Britain’s BBC has taken flak for refusing to call Hamas’s fighters “terrorists.” The network’s management has stood fast on this point, arguing that to stigmatize Hamas as terrorists would constitute taking sides in the conflict, and the BBC is staunchly neutral.
But that mildly pro-Hamas stance is nowhere near enough for many of the BBC’s employees. The Times of London offers a frightening glimpse into the mentality of many young journalists. And, while these are Brits, the situation is no better in the U.S.:
The BBC has been accused by its journalists of being too lenient on Israel and “dehumanising” Palestinian civilians, allegedly leaving staff crying in lavatories and taking time off work.

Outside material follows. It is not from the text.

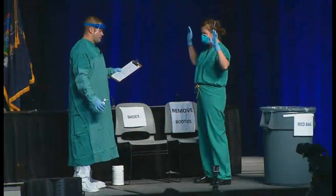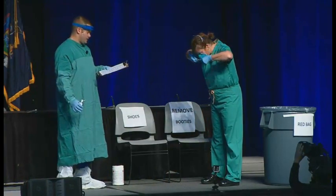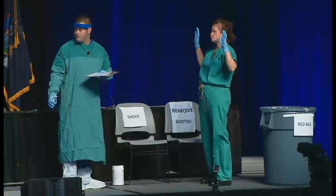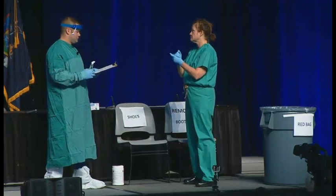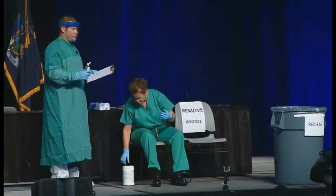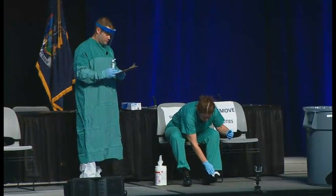Now Barbara is going to remove the N95 respirator by slightly tilting her head forward, pulling the bottom strap over her head, followed by the top strap, without ever touching the front of the respirator. That front of the respirator is the place where if contamination is going to occur, the risk is highest. So when you remove the N95 respirator, you don't want to touch that front part. Again, we're going to perform hand hygiene — margin of safety, margin of safety.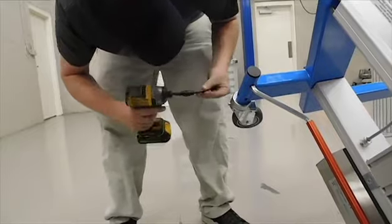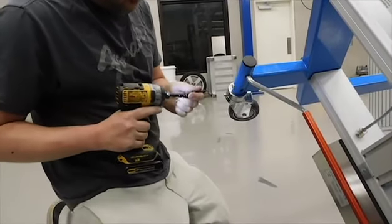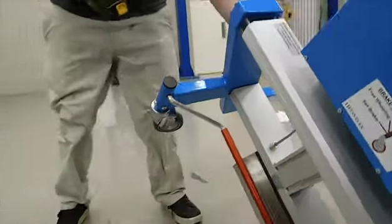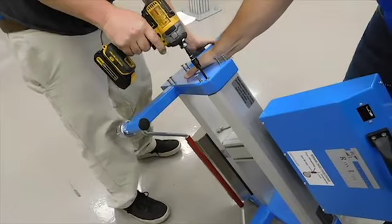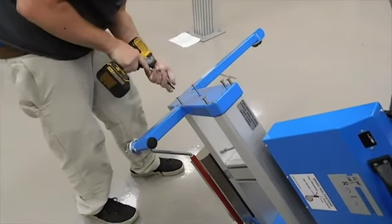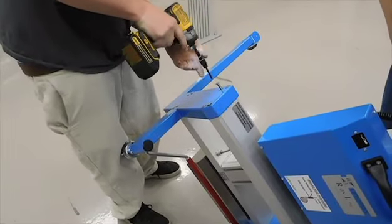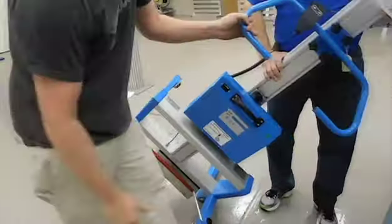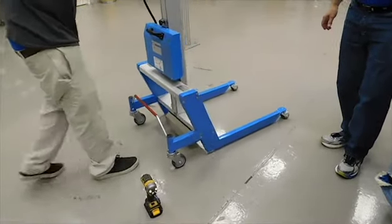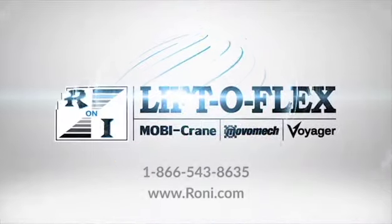Make sure it seats in really well. Get the bolts back in and you're done.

Journalists crying in lavatories and unable to show up for work because they are so distressed over the negative image suffered by those who commit mass murder, gang rape and kidnapping.

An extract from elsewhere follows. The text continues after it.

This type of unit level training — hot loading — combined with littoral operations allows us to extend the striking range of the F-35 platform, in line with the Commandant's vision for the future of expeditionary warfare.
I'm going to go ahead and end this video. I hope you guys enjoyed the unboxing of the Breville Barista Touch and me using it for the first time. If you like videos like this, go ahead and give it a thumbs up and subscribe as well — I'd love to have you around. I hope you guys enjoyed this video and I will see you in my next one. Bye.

Concerns were raised with senior editorial figures in a meeting this week. An email setting out fears that the BBC was “treating Israeli lives as more worthy than Palestinian lives” was sent to Tim Davie, the director-general.
That raises a good question: is the life of a murder victim more “worthy” than the life of the murderer who decapitates babies or burns them alive? What do you think?

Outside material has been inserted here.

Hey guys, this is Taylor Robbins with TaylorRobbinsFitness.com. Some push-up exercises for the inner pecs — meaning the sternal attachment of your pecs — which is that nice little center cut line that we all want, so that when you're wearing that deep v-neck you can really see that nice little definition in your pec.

In the email to Davie, which was widely shared with BBC News international staff, he said: “Words like ‘massacre’, ‘slaughter’ and ‘atrocities’ are being used prominently in reference to actions by Hamas, but hardly, if at all, in reference to actions by Israel. Does this not raise the question of the possible complicity of the BBC in incitement, dehumanisation and war propaganda?”
A sane person would say that words like “massacre,” “slaughter” and “atrocities” are being used because they accurately describe what the Gazans have done. If you wanted to accurately describe what the Israelis have done, you might use terms like “righteous retribution.” But of course the BBC isn’t doing that.
I think that as a group, journalists must have less moral sense than the members of any other occupation.